My father considered a walk among the mountains as the equivalent of churchgoing.
The Hiker Responsibility Code is a set of principles that all hikers can look to before they hit the trail. Similar to the Skier's Responsibility Code endorsed by the National Ski Areas Association, the Hiker Responsibility Code was created to help hikers become more self aware about their responsibility for their own safety every time they are on a hike. It also acknowledges the inherent danger of hiking in the backcountry, and encourages hikers to be better prepared every time they are on the trail.
Hiker Responsibility Code
You are responsible for yourself, so be prepared:
1. With knowledge and gear. Become self reliant by learning about the terrain, conditions, local weather and your equipment before you start.
2. To leave your plans. Tell someone where you are going, the trails you are hiking, when you will return and your emergency plans.
3. To stay together. When you start as a group, hike as a group, end as a group. Pace your hike to the slowest person.
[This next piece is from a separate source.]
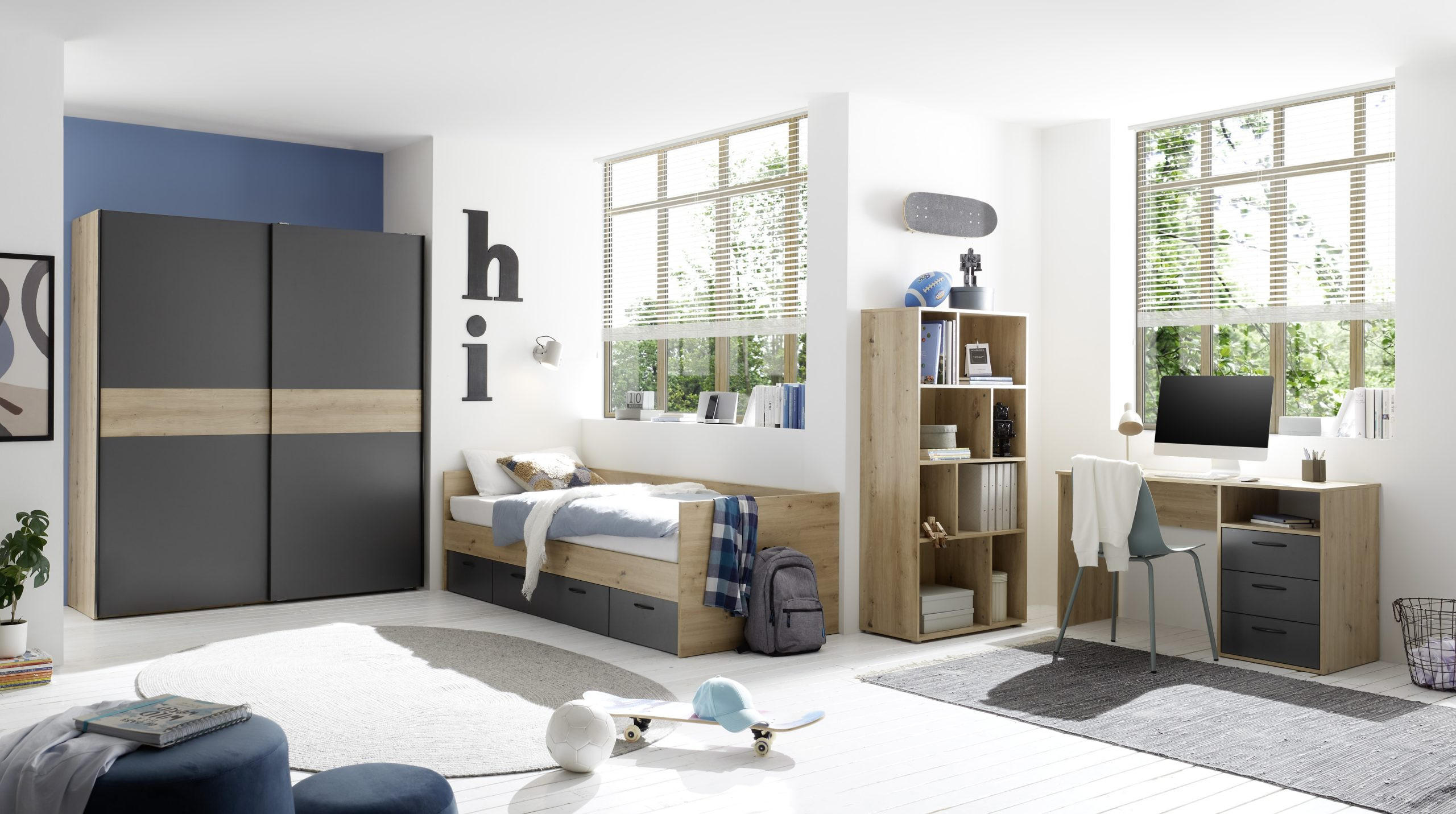 JUGENDZIMMER Liam in Artisan Eiche und Graphit 4 teilig - Braun, Holzwerkstoff (120/200/80cm)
4. To turn back. Weather changes quickly in the mountains. Fatigue and unexpected conditions can also affect your hike. Know your limitations and when to postpone your hike. The mountains will be there another day.
5. For emergencies. Even if you are headed out for just an hour, an injury, severe weather or a wrong turn could become life threatening. Don’t assume you will be rescued; know how to rescue yourself.
6. To share the hiker code with others.
hikeSafe: It’s Your Responsibility.
The Hiker Responsibility Code was developed and is endorsed by the White Mountain National Forest and New Hampshire Fish and Game.